Le Meridien Cyberport, due to open in late March, advertises itself as being "technologically superior to other Hong Kong hotels." According to general manager Dean Schreiber, the hotel is targeting the IT-related business market, since most companies with offices in the Cyberport area are IT specific in some shape or form. Besides a business clientele, he expects the property to attract local visitors due to the nearby shopping arcade, cinema and food court expected to open in the spring. With 173 rooms and superior interior design, Mr Schreiber considers Le Meridien Cyberport, "More boutique than a large, five-star hotel."
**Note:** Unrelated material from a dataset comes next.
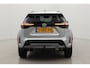 Toyota Yaris Cross 1.5 Hybrid Explore | Trekhaak | Navigatie | Parkeersensoren voor/achter | Stoelverwarming | Adaptive Cruise | Apple Carplay / Android Auto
In contrast, the large, 669-room Langham Place Hotel is the first, new five-star property to be built in Kowloon in over a decade, says Sharon Cheng, group director of human resources for Langham Hotels International. The Langham Place, scheduled to open in Mongkok in July, is the flagship of a 1.8 million square-foot development comprising a shopping mall and a 60-storey office tower. The hotel is also set to offer the most up-to-date technology, including hotel-wide wireless broadband connection and Internet-enabled phones with touch screen.
Anticipating a healthy mix of business and leisure guests, the Langham Place intends to recruit 400 new staff prior to opening. "Most of the management team has already been hired", says Ms Cheng. The hotel will hold an open day in the near future in order to hire its frontline staff. "We are looking for people to help us create something new," she emphasises.
The Le Meridien Cyberport has 196 staff positions from senior management down, according to Mr Schreiber. Around 45 frontline vacancies remain to be filled. Just like the Langham Place, Le Meridien Cyberport is looking for people with the right attitude. "You don't need to have the polished level of five-star service, we will provide that," says Mr Schreiber.